§ What you have to do: In the material below, find the span from the line with "Gîte pour 2" to the line with "-小山城麻辣香锅(新邻生活广场店)" and transcribe only those lines, exactly, ends included, without the pictures.

BEGIN The data

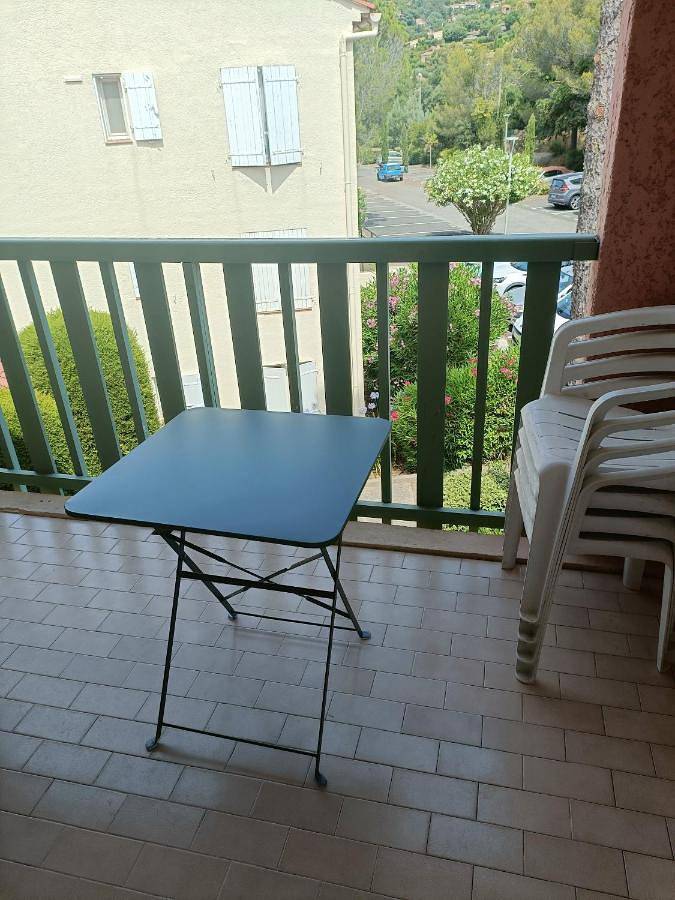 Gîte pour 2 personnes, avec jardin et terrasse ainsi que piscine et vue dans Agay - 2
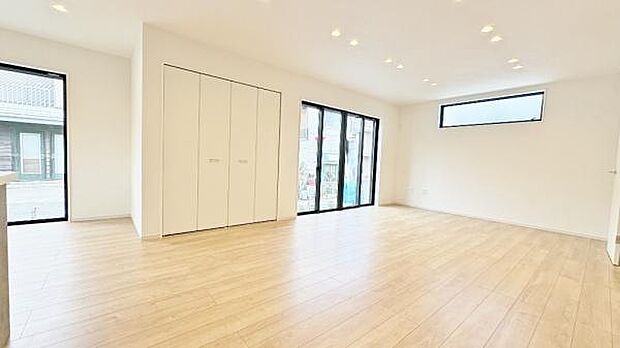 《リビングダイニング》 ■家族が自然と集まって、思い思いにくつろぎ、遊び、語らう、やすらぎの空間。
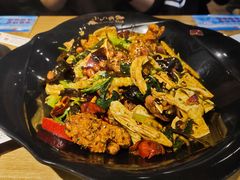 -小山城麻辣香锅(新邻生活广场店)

END The data
BEGIN The data

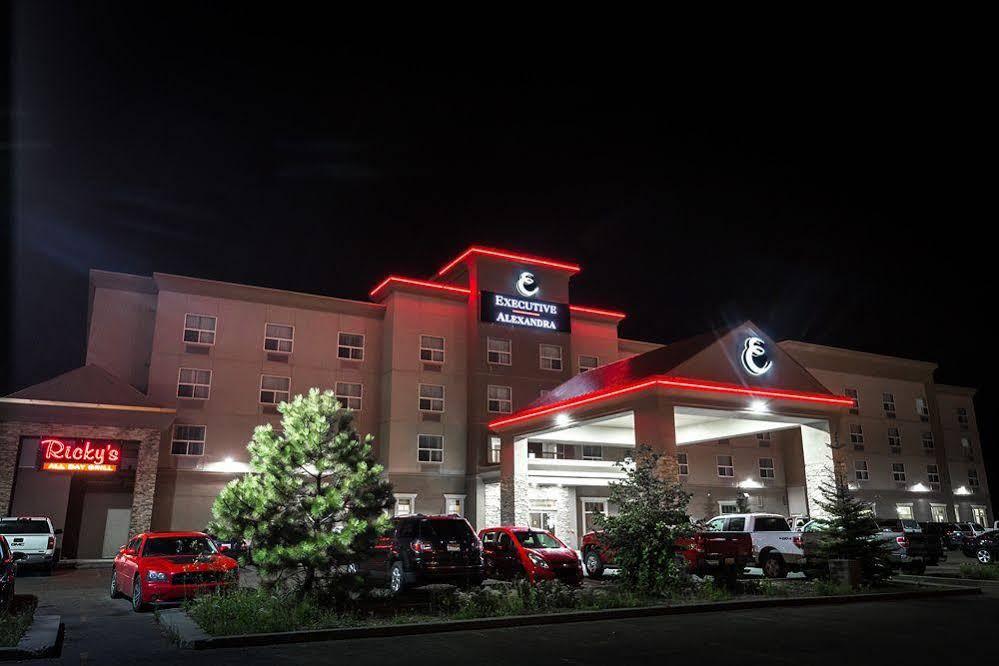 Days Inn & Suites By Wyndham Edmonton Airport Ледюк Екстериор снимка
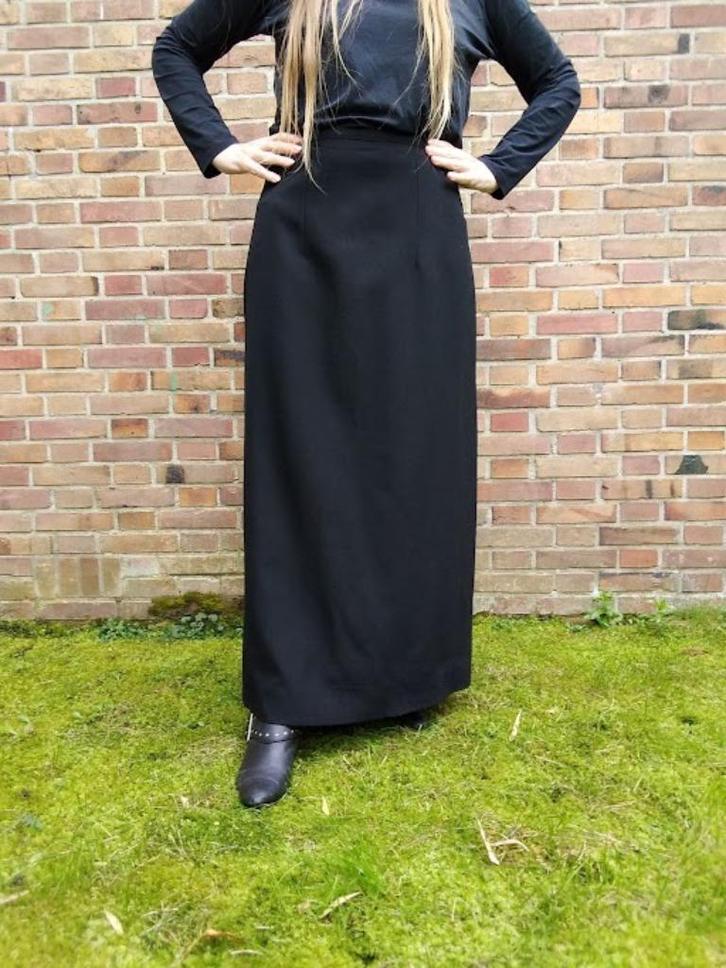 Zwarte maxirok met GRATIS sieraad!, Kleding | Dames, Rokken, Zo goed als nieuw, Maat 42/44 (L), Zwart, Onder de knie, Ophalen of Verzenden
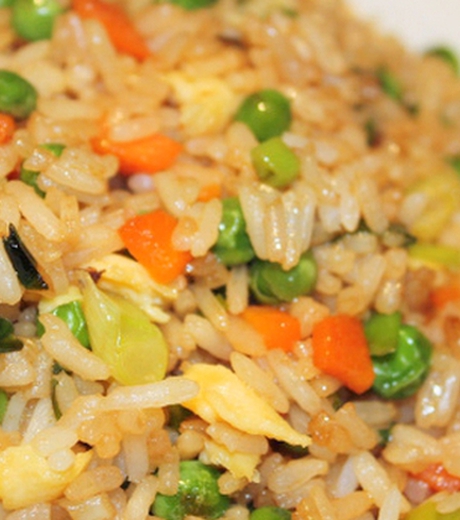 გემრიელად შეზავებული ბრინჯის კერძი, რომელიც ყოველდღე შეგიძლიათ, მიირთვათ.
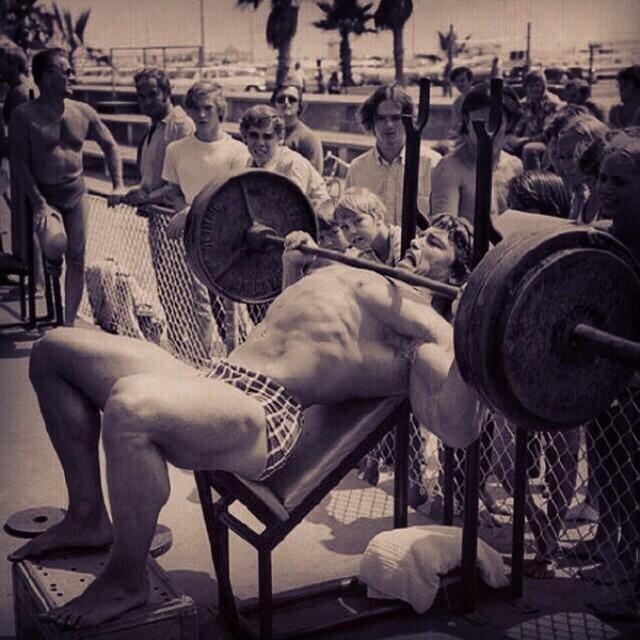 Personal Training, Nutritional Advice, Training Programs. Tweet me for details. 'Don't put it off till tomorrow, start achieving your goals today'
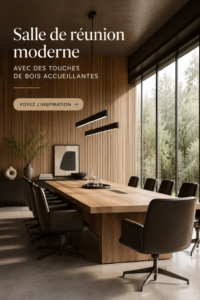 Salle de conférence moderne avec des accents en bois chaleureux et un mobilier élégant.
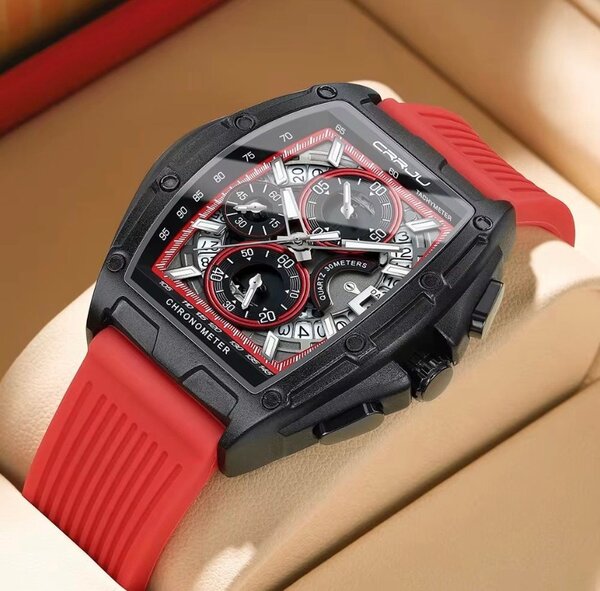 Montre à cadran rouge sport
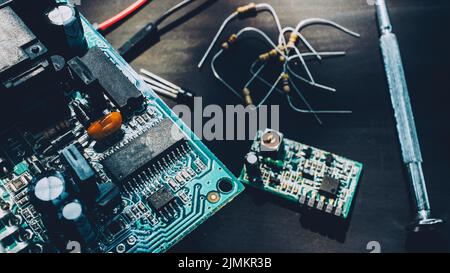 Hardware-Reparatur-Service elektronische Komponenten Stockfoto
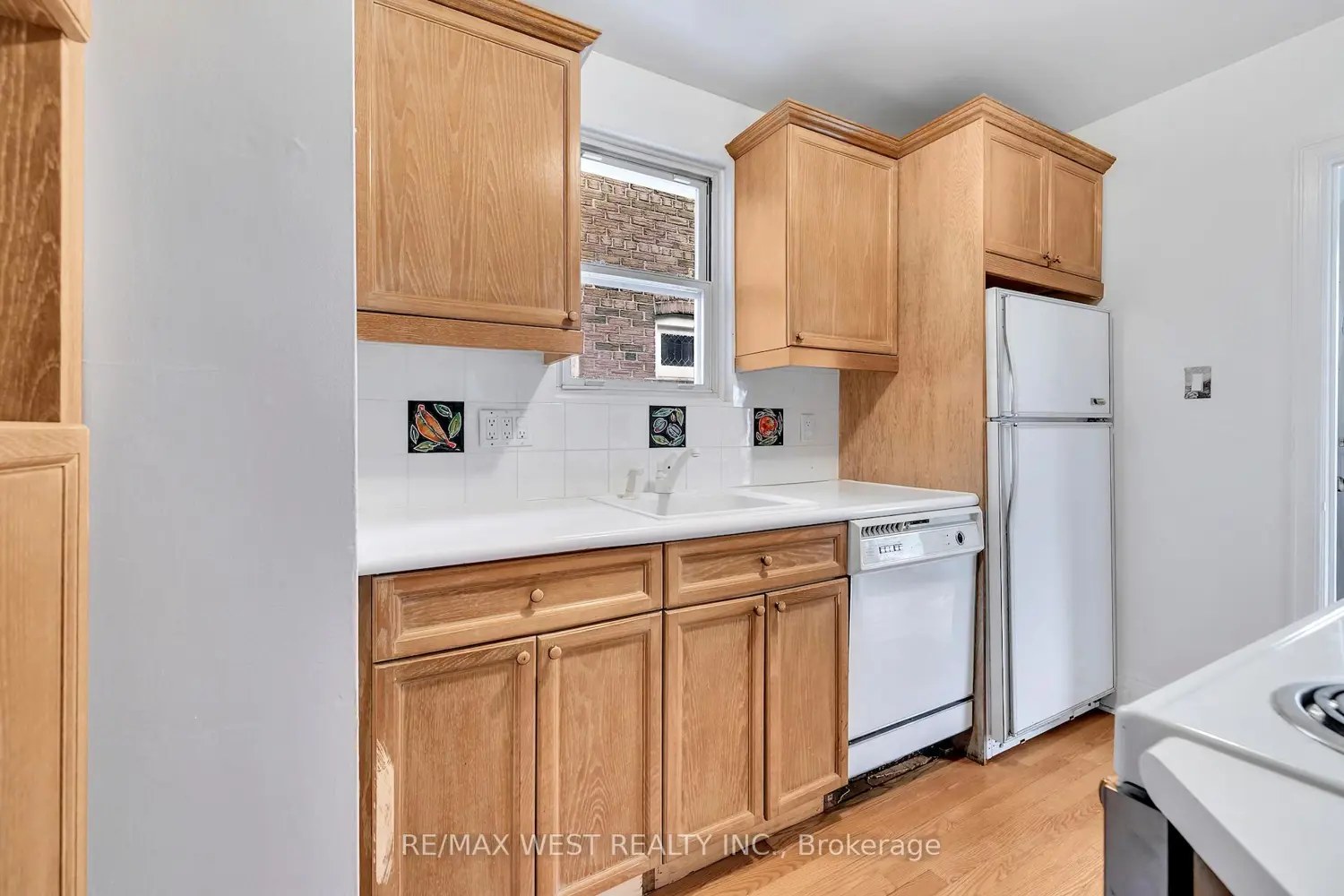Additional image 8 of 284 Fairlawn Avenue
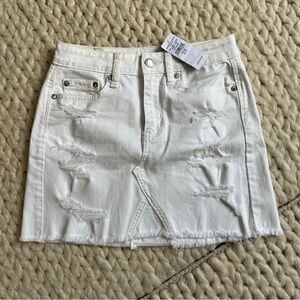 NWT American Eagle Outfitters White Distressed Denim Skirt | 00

END The data

§ Solution for this task:
 Gîte pour 2 personnes, avec jardin et terrasse ainsi que piscine et vue dans Agay - 2
 《リビングダイニング》 ■家族が自然と集まって、思い思いにくつろぎ、遊び、語らう、やすらぎの空間。
 -小山城麻辣香锅(新邻生活广场店)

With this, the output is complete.